Almeida Theatre, ‘Impressive depiction of crumbling mental health’
Your enjoyment of a show can be as fickle as a spring breeze. Sometimes the stars don’t align, and a serene work might fall on deaf ears or a closed heart. The day you have led leading up to the anticipated evening obscures the trip itself.
This is the conundrum I find myself in with the Almeida’s recent revival of Marina Carr’s 1996 grief-stricken drama, Portia Coughlan.
Was I ready for almost two and a half hours of drink, misery, suicide, betrayal, bickering, more drinking, and the bleak landlocked Irish countryside? No, no I was not.
But Carr’s work forces you to persevere through the oppressive clouds, burrowing its way into your soul and sinking in its sharp little teeth.
Meet Portia, 30, a woman infinitely complex, the belle of a small town. She has everything on paper: a rich husband, a large family support network, two children, but as so often with life, it’s not enough.
Hounded by the ghost of her twin who disappeared into the Belmont River behind her house, she thrashes about maiming all and sundry.
Alison Oliver returns from her success in February’s Women, Beware of the Devil to provide another jaw-dropping performance.
Diminutive, in a scraggy t-shirt, short shorts, and wellies for most of the play, she carves a path of devastation, bloody and brutally managed.
Carr’s reimagining of modern Irish women, free from the male gaze, is stark under the microscope.
Portia is a reluctant mother, a woman half in this world and half out, constantly begging to be “left alone”. Do we pity her?
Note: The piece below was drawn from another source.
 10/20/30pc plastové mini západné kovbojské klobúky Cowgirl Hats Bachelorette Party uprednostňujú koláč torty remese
Do we hate her? It’s rather hard to tell. She can be venomous, utterly venomous, yet somehow cursed and inculpable.
Oliver is at her best when throwing barbs across the stage at various family members or her husband, or breaking into the flowing prose that at points threatens to drown the play.
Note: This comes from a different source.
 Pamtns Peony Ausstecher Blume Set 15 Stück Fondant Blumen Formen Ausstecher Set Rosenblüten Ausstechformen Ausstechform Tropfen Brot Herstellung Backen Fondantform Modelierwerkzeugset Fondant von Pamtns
Alex Eales’s set is literally nature collapsing into Portia’s home, with the bank of the ever-present river tumbling down through a roughly ripped hole in the domestic setting.
Outside and inside blur perfectly, making the following tale feel as set as the course of the waterway.
This allows Archee Aitch Wylie’s plaintive voice, singing Maimuna Memon’s baroscopic score, to puncture the more naturalistic scenes.
Wylie on the riverbank, crying out to Portia, as Gabriel, her lost twin, keeps us teetering on the edge of the supernatural. Are we inside Portia’s mind? Or simply trapped in her living room? Is the pull of death as inevitable as she seems to think it is?
Aside from Carr’s impressive depiction of crumbling mental health, and the plight of a woman trapped in life, there is a sense at points of oversaturation.
As Portia’s mental state is more and more unstable it brings out the age-old grievances that small communities can harbour.
At a funeral, these are brought to a boil, blanched in whisky, and despite the seriousness of all involved, the effect is somewhat ludicrously layered on with a trowel.
Incest, disappointment, domestic violence, sex work, and shame, shame, shame.
“It’s in your blood,” is spat out by Sorcha Cusack, the gruesome and viscous Blaize Scully (Portia’s grandmother), only to be bested by another explosion of home truths from (Derry Girls) Kathy Kiera Clarke as the free-speaking aunt Maggie May.
Mairead McKinley as Portia’s mother and Mark O’Halloran as her father have a swing at the who-can-hurt-whose-feelings-the-most game, before everyone is turfed out into the (presumably) drizzling rain.
Is this Carrie Cracknell’s otherwise dextrous direction straining at a difficult scene, or is Carr’s writing trying too hard to jam in enough meaty dialogue?
The secrets that strangle the Scullys and Coughlans lose their edge with the sheer volume and one-upmanship of each unveiling.
The lack of much comic relief is a factor in the unrelentingly pounding nature of the show.
Fergal McElherron as Maggie May’s lovable “eejit” husband, Senchil, valiantly tries his best with bumbling sweetness. Yet this proves ineffective in the downpour of emotional acid rain.
Reviewers are meant to stand as ivory statues of theatrical objectiveness and that just isn’t true.
Perhaps it’s the fact that the spectral twin and I share the same name, or that me and Portia are the same age, but the grinding, snapping, and sniping of the characters got to me.
Perhaps this is a testament to Carr, Cracknell, and Oliver’s undoubtable determination.
Feeling the cold lapping of the Belmont River, as if I were trapped on its bank, gazing into its dark waters.
Grand theatre indeed, although unsettling would be putting it mildly, and viewer discretion is most certainly advised.